:: Input data ::
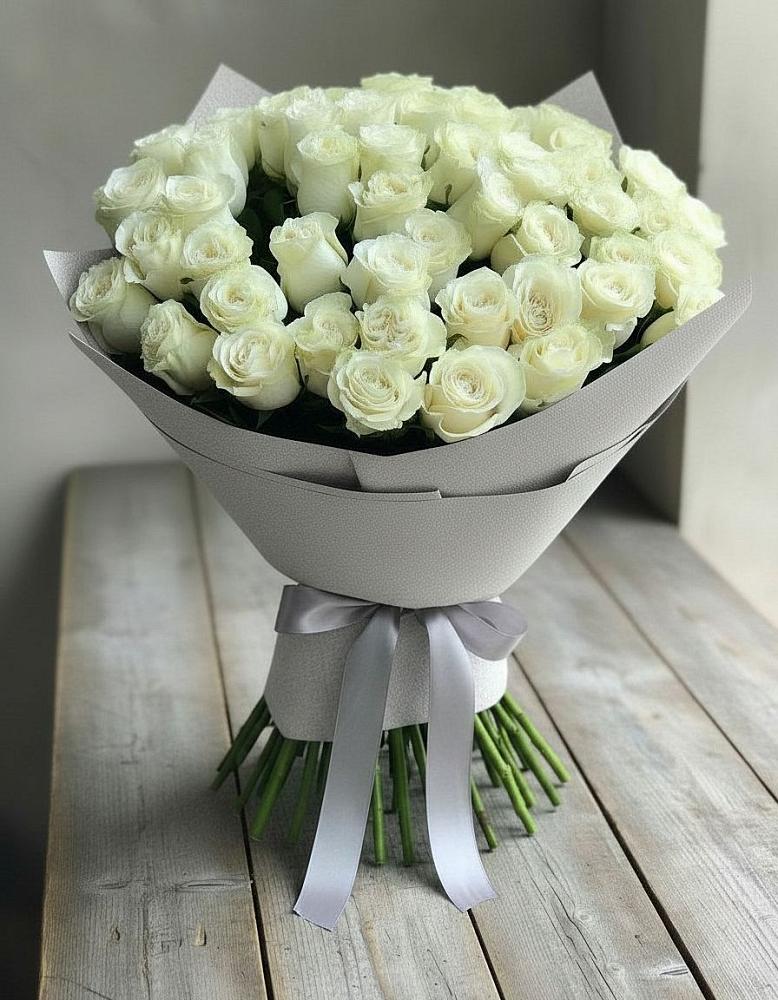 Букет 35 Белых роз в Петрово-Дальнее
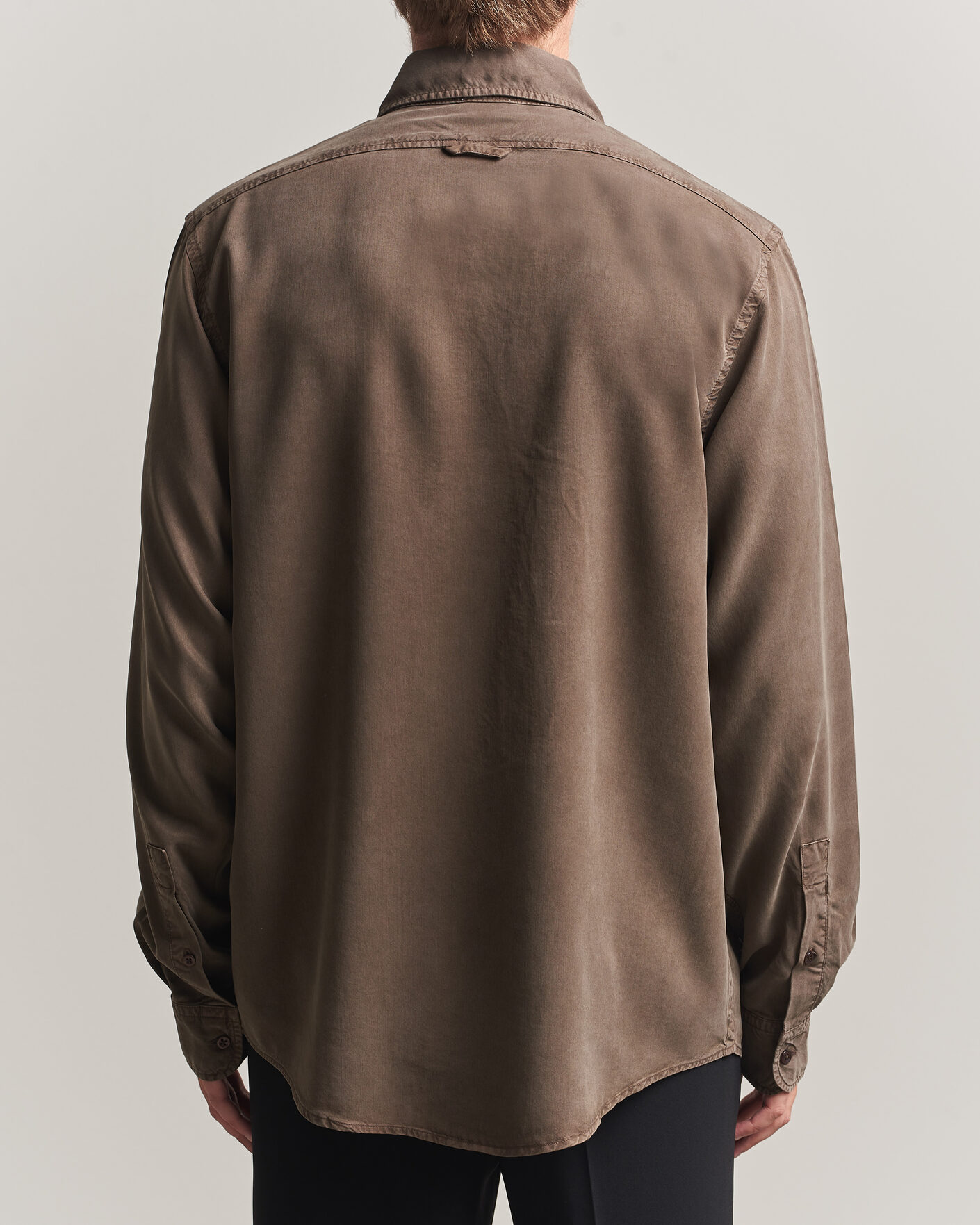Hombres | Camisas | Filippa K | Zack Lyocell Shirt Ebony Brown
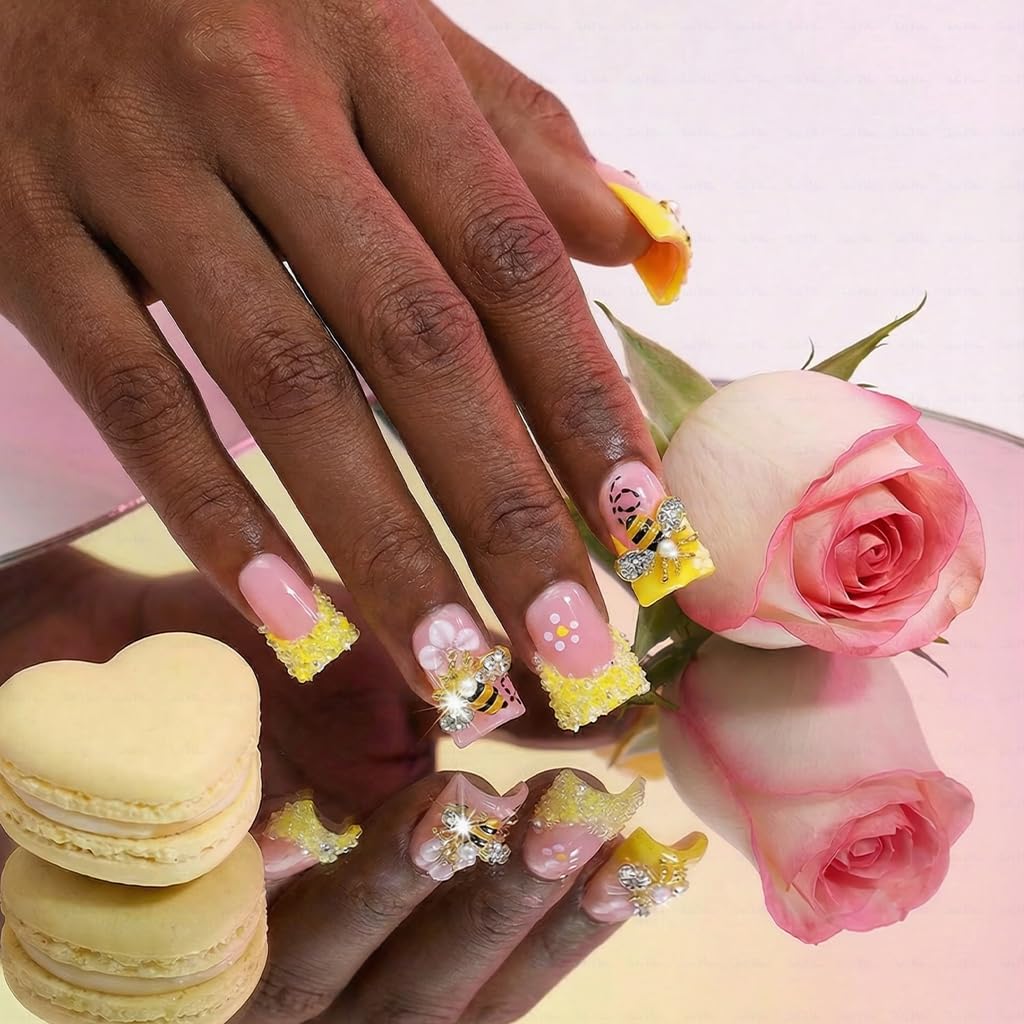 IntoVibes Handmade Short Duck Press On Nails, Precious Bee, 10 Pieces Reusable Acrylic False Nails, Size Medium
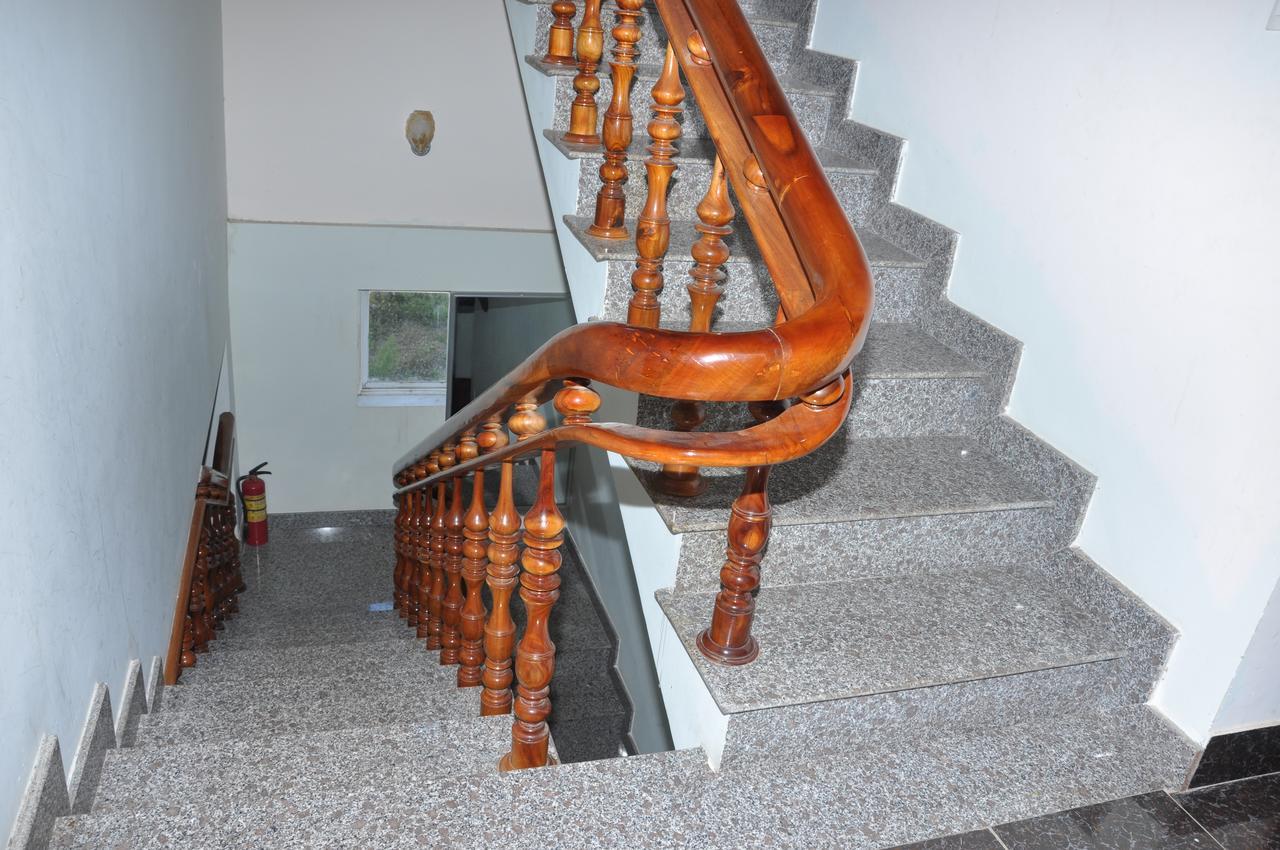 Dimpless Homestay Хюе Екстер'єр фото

---

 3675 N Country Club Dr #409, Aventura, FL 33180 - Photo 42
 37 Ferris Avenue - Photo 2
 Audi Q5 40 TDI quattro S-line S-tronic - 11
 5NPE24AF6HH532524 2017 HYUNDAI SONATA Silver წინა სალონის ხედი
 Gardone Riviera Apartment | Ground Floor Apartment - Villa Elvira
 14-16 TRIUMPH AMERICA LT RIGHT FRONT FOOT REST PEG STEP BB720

--

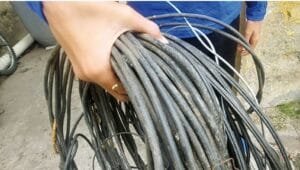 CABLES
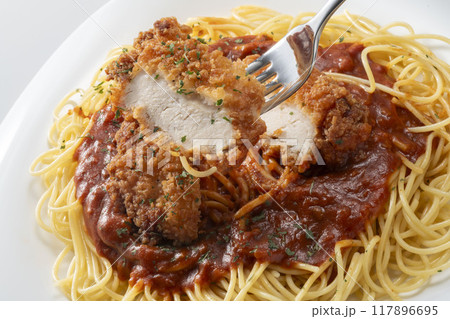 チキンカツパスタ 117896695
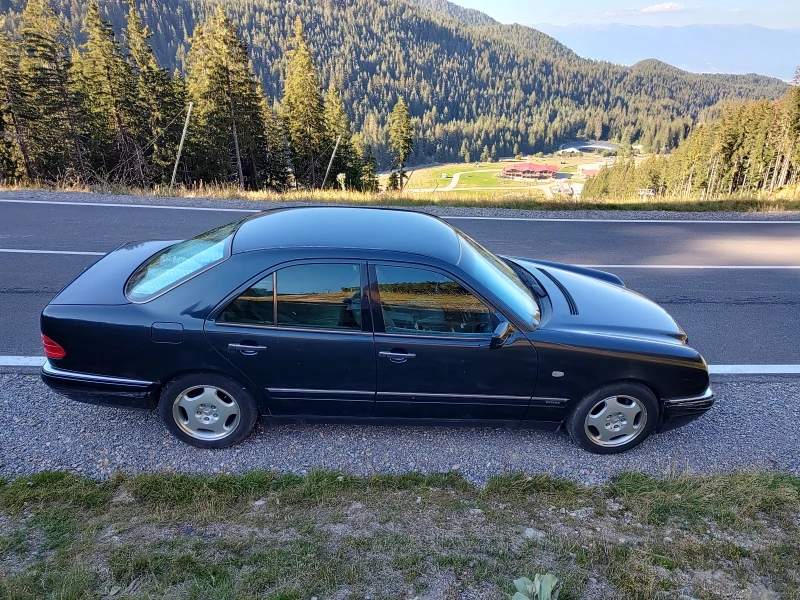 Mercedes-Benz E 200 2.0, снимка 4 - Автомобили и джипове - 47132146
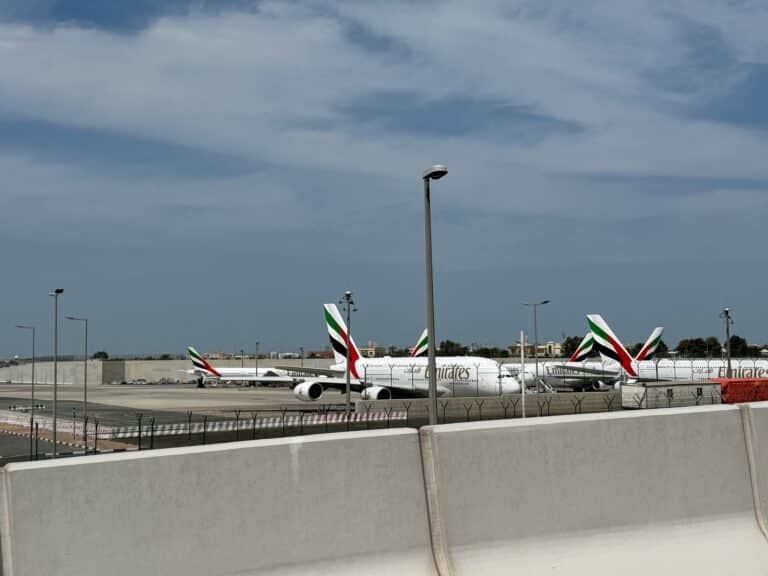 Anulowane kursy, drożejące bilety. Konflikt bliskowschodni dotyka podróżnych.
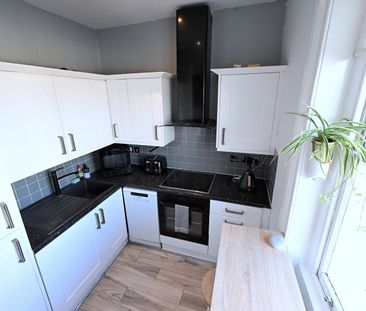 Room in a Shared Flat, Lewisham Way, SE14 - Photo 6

:: Task statement ::
Would you output only the span of the records above that opens with the line containing "IntoVibes Handmade Short" and closes with the line containing "Dimpless Homestay Хюе Екстер'єр фото", ends included and pictures dropped?

:: Answer for this exercise ::
 IntoVibes Handmade Short Duck Press On Nails, Precious Bee, 10 Pieces Reusable Acrylic False Nails, Size Medium
 Dimpless Homestay Хюе Екстер'єр фото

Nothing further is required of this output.